*Material for this task*:

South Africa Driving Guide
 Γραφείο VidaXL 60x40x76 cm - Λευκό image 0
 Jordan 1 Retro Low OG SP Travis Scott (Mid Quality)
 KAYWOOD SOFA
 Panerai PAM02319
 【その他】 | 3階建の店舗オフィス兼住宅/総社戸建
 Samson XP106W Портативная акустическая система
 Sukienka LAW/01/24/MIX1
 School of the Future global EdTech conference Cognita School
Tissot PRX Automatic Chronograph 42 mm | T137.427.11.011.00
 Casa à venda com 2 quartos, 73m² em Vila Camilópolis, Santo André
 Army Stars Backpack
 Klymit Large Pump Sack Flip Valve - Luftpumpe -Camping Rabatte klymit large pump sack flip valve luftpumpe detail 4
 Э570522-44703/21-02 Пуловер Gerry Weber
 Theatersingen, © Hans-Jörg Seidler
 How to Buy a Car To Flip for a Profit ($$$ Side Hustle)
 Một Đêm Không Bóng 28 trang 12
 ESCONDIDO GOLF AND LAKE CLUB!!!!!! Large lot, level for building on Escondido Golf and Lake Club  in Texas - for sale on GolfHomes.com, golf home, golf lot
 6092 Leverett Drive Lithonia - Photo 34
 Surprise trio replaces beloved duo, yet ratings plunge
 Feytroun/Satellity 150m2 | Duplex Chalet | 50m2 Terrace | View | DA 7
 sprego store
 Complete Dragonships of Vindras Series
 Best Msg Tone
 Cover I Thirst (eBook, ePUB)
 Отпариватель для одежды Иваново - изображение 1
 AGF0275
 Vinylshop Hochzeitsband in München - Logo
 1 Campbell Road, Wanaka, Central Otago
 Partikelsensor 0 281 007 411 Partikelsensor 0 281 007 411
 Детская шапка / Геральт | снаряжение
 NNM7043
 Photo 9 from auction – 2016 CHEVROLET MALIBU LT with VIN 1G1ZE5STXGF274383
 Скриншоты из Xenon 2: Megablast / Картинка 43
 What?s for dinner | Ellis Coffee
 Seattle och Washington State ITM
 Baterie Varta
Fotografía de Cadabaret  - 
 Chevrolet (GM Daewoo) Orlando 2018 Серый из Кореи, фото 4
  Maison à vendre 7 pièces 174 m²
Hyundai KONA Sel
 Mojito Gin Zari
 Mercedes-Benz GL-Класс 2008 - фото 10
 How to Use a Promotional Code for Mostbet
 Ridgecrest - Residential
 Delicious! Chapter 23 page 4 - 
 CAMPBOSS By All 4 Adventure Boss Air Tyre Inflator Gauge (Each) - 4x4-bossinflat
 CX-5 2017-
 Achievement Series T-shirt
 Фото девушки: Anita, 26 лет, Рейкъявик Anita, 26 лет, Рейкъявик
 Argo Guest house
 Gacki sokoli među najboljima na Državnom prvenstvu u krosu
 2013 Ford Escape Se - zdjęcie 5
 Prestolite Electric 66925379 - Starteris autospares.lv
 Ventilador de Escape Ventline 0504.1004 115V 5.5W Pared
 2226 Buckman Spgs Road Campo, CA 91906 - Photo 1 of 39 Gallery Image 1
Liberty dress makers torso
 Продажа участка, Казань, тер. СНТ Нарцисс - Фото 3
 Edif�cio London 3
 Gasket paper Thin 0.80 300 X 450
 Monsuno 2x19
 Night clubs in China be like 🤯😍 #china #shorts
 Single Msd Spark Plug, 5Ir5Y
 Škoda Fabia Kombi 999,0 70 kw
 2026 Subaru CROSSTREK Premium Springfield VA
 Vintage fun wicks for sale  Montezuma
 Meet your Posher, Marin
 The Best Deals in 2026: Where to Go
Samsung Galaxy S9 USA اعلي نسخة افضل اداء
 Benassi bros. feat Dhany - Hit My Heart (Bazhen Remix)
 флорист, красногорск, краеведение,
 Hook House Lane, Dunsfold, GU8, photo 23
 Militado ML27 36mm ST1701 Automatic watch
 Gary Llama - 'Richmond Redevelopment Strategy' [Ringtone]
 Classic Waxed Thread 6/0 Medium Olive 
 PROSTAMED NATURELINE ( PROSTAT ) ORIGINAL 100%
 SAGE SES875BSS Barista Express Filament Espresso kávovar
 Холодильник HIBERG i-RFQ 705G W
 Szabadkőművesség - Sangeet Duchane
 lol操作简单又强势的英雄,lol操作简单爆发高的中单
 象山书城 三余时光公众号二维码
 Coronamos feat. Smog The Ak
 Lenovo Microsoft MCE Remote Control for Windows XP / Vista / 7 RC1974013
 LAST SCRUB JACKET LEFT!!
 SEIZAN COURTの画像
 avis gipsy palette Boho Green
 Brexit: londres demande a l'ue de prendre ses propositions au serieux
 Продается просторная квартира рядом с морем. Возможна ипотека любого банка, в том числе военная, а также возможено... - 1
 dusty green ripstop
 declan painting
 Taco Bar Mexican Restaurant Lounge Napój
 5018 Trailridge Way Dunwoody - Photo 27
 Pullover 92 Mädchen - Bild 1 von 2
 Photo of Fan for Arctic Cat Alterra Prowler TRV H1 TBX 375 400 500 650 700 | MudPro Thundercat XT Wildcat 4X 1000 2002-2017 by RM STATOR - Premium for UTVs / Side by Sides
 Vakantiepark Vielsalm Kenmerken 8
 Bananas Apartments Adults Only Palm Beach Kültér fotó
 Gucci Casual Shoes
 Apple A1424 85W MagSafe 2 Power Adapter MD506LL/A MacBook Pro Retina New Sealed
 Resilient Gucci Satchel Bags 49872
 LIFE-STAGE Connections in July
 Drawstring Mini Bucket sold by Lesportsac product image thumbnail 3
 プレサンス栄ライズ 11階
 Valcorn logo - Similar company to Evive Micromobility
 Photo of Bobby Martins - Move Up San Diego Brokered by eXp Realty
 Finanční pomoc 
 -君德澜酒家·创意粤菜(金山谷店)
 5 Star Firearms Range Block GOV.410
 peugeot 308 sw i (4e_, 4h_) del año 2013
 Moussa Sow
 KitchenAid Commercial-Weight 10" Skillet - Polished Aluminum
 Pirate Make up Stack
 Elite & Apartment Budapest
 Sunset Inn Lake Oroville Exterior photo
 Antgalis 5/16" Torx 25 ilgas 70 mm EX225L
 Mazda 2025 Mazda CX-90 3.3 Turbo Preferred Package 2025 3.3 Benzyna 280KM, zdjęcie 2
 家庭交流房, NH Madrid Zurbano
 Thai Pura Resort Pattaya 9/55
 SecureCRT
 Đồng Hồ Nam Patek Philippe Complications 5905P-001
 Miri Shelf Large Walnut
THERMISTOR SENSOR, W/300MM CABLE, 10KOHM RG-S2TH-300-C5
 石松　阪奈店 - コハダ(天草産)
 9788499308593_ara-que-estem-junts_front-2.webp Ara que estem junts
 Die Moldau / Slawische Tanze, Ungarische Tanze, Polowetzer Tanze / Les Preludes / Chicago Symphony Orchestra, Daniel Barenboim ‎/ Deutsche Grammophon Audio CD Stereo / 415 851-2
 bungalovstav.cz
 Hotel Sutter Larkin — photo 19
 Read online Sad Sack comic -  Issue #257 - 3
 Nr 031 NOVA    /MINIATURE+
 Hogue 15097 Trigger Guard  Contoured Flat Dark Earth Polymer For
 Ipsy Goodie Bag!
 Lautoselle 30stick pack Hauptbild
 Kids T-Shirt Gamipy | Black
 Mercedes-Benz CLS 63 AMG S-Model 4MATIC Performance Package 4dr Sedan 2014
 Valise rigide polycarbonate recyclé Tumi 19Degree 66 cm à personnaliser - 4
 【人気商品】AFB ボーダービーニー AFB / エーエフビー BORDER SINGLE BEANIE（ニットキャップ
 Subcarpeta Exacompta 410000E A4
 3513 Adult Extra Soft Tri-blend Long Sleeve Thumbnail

*What you should do*: Go back to the start of the listing above. Reproduce each line exactly, ending with the line that contains "Photo 9 from".

*Your solution*:
South Africa Driving Guide
 Γραφείο VidaXL 60x40x76 cm - Λευκό image 0
 Jordan 1 Retro Low OG SP Travis Scott (Mid Quality)
 KAYWOOD SOFA
 Panerai PAM02319
 【その他】 | 3階建の店舗オフィス兼住宅/総社戸建
 Samson XP106W Портативная акустическая система
 Sukienka LAW/01/24/MIX1
 School of the Future global EdTech conference Cognita School
Tissot PRX Automatic Chronograph 42 mm | T137.427.11.011.00
 Casa à venda com 2 quartos, 73m² em Vila Camilópolis, Santo André
 Army Stars Backpack
 Klymit Large Pump Sack Flip Valve - Luftpumpe -Camping Rabatte klymit large pump sack flip valve luftpumpe detail 4
 Э570522-44703/21-02 Пуловер Gerry Weber
 Theatersingen, © Hans-Jörg Seidler
 How to Buy a Car To Flip for a Profit ($$$ Side Hustle)
 Một Đêm Không Bóng 28 trang 12
 ESCONDIDO GOLF AND LAKE CLUB!!!!!! Large lot, level for building on Escondido Golf and Lake Club  in Texas - for sale on GolfHomes.com, golf home, golf lot
 6092 Leverett Drive Lithonia - Photo 34
 Surprise trio replaces beloved duo, yet ratings plunge
 Feytroun/Satellity 150m2 | Duplex Chalet | 50m2 Terrace | View | DA 7
 sprego store
 Complete Dragonships of Vindras Series
 Best Msg Tone
 Cover I Thirst (eBook, ePUB)
 Отпариватель для одежды Иваново - изображение 1
 AGF0275
 Vinylshop Hochzeitsband in München - Logo
 1 Campbell Road, Wanaka, Central Otago
 Partikelsensor 0 281 007 411 Partikelsensor 0 281 007 411
 Детская шапка / Геральт | снаряжение
 NNM7043
 Photo 9 from auction – 2016 CHEVROLET MALIBU LT with VIN 1G1ZE5STXGF274383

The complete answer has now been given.